In assenza di un chiarimento espresso da parte della prassi, non è comunque da escludere che l’Ufficio possa affermare che il diritto alla detrazione dell’IVA, da parte del soggetto passivo, decorre dalla materiale produzione del documento di regolarizzazione dell’inversione contabile (dunque, nell’anno 2023); nel caso di specie, infatti, dopo aver proceduto alla preliminare emissione di un file XML contraddistinto dal codice “TD20”, con indicazione di uno dei sottocodici della Natura “N6.” occorrerebbe procedere all’integrazione dello stesso che, se fatta per via elettronica, comporterebbe la trasmissione al SdI di un documento contrassegnato dal codice “TD16”.
Ciò però contrasterebbe con il principio di effettività, se si osserva che il termine ultimo per il diritto alla detrazione sarebbe decorso già alla data del 30 aprile u.s.
A livello operativo, se si segue la prima tesi, la regolarizzazione comporterebbe anche una rettifica della dichiarazione IVA per il 2022, includendo l’operazione sia nel quadro VJ (imposta a debito derivante dall’applicazione del reverse charge) sia nel quadro VF (imposta ammessa in detrazione).
Nei registri IVA del 2023 (data di materiale emissione del documento), dovrebbe essere costituito uno specifico sezionale per riferire l’operazione all’anno precedente (sia per il registro delle fatture emesse sia per il registro degli acquisti).
Coerentemente con la regolarizzazione effettuata e con le modalità di registrazione, dovrebbe essere necessario rettificare la comunicazione delle liquidazioni periodiche (art. 21-bis del DL 78/2010) con riferimento al trimestre 2022 in cui è datata la fattura, seppure la regolarizzazione non determini alcuna variazione in termini di IVA dovuta.

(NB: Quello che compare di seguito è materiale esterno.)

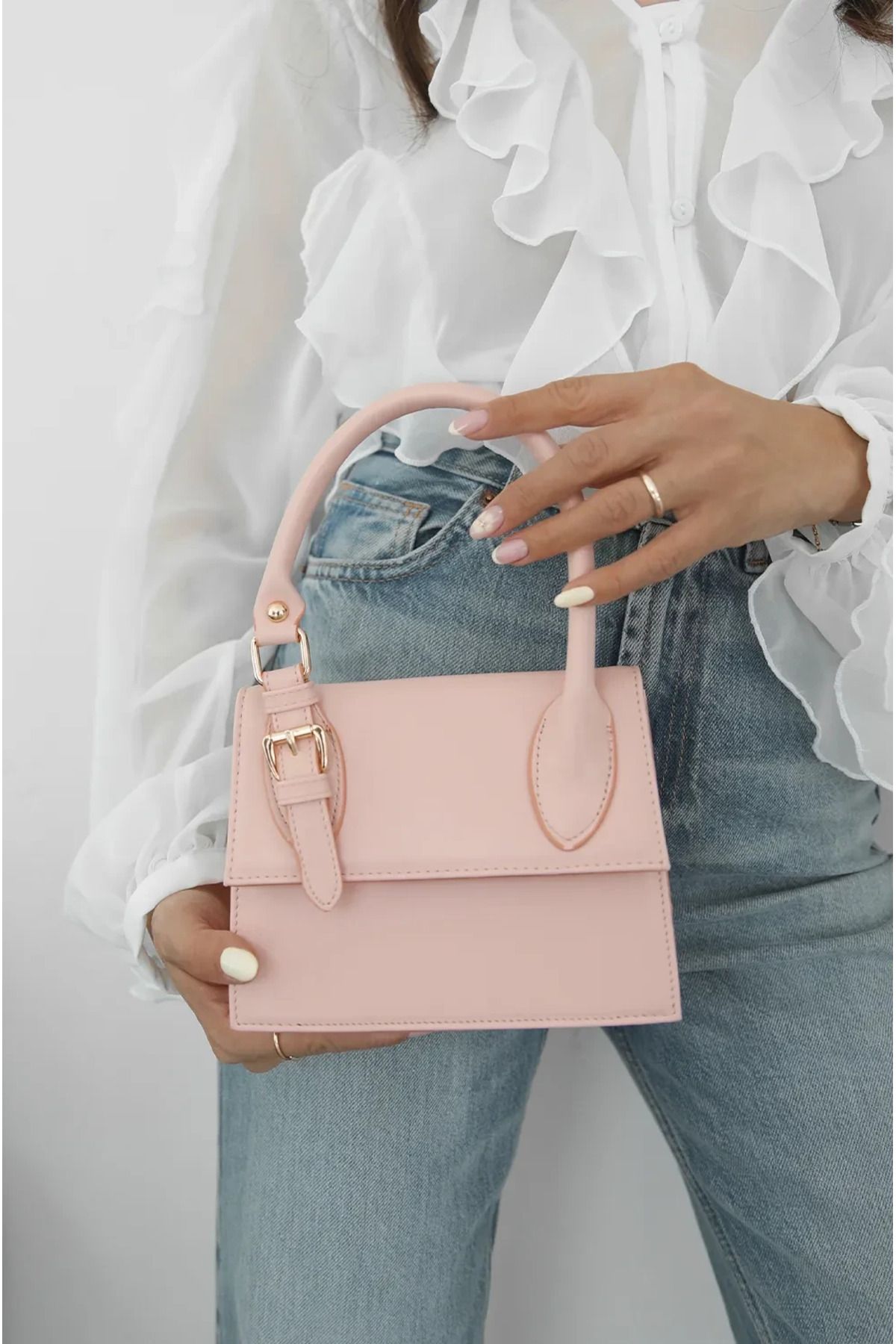 BAGS Rayo Pembe El ve Omuz Çantası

A titolo prudenziale, si ritengono commesse:
– la violazione da errata comunicazione delle liquidazioni periodiche, sanzionata da 500,00 euro a 2.000,00 euro ex art. 11 co. 2-ter del DLgs. 471/97;
– la dichiarazione inesatta, sanzionata da 250,00 euro a 2.000,00 euro ai sensi dell’art. 8 del DLgs. 471/97.
Il ravvedimento avviene:
– ai sensi dell’art. 13 co. 1 lett. b-bis) del DLgs. 472/97 (entro il termine di presentazione della dichiarazione dell’anno successivo a quello in cui è stato commesso l’errore quindi entro il 30.4.2024) per l’omessa regolarizzazione e per l’errata liquidazione periodica, con riduzione delle sanzioni a 1/7 del minimo;
– ai sensi dell’art. 13 co. 1 lett. a-bis) del DLgs. 472/97 (entro i 90 giorni dal termine di presentazione della dichiarazione), per la dichiarazione inesatta, sempre che il ravvedimento avvenga entro il 31.7.2023 con riduzione della sanzione a 1/9 del minimo.

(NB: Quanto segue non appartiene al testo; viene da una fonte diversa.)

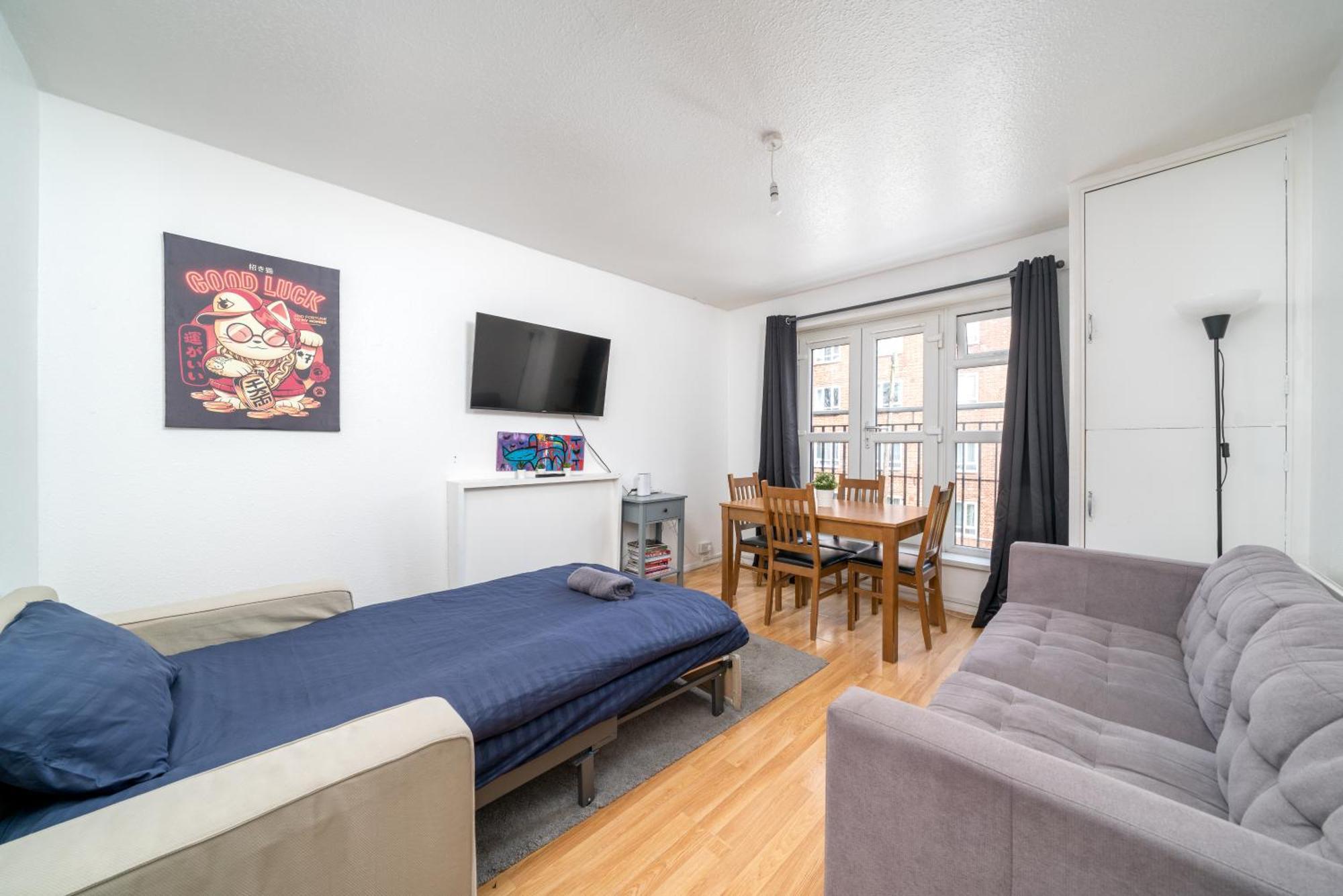 Spacious 1 Bed Flat In Dalston London Bagian luar foto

Fermo quanto esposto, nel modello F24 occorre indicare quale anno di riferimento il 2022 e quale codice tributo “8904” nonchè pagare:
– 71,42 euro (500/7) per l’omessa regolarizzazione;
– 71,42 euro (500/7) per l’errata liquidazione periodica (in questo caso, quale codice tributo, potrebbe anche ritenersi corretto “8911”);
– 27,78 euro (250/9) per la dichiarazione inesatta.

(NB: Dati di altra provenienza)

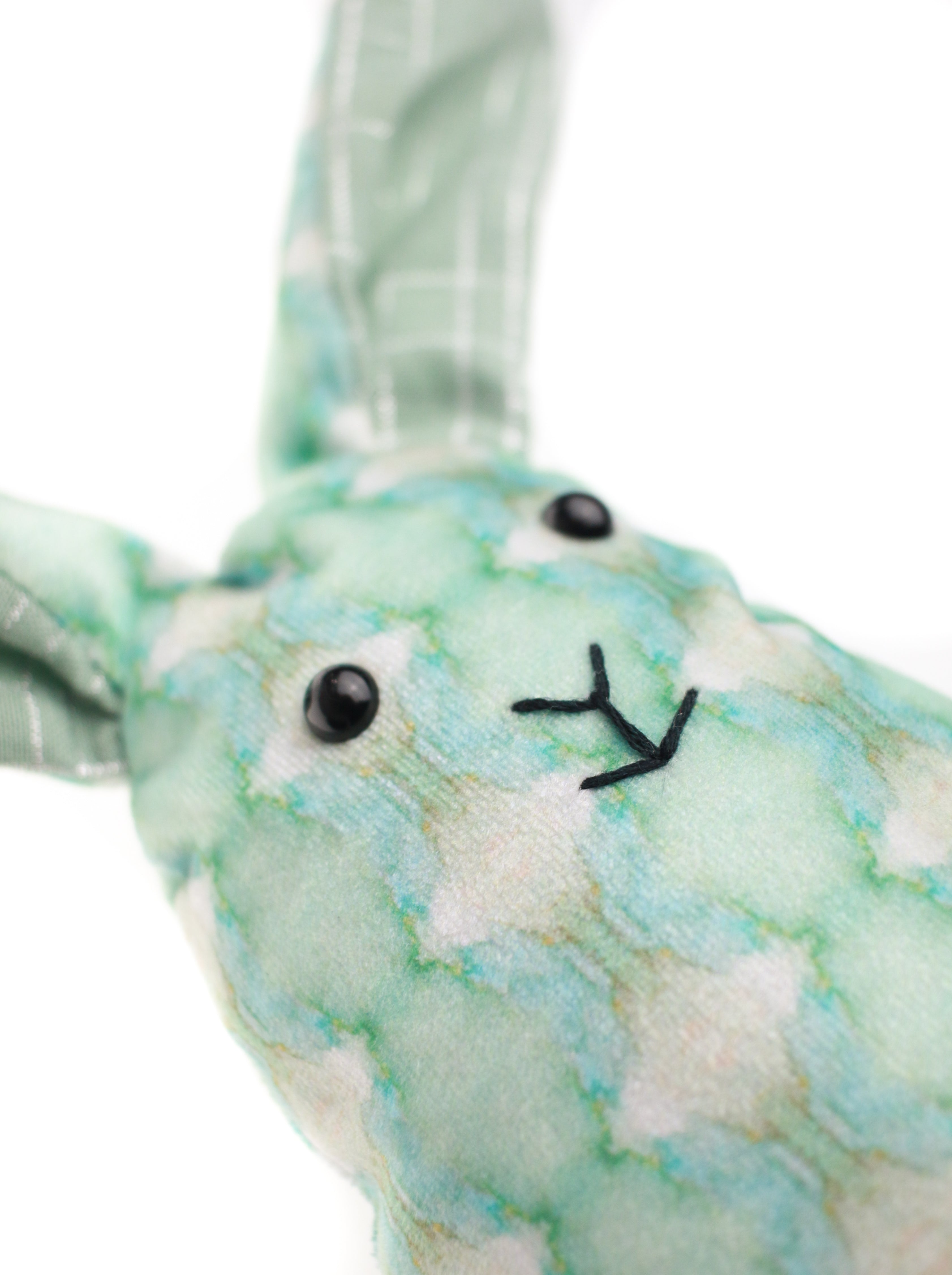 Stuffed Bunny- Haven and Tinsel Plaid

In assenza di ravvedimento operoso, salvo limiti alla detrazione o contesti frodatori (esclusi nel caso di specie), l’Agenzia delle Entrate, senza recuperare alcuna imposta, notificherà l’atto di contestazione della sanzione ex art. 6 co. 9-bis ultimo periodo del DLgs. 471/97, definibile al terzo dell’irrogato ai sensi dell’art. 16 del DLgs. 471/97.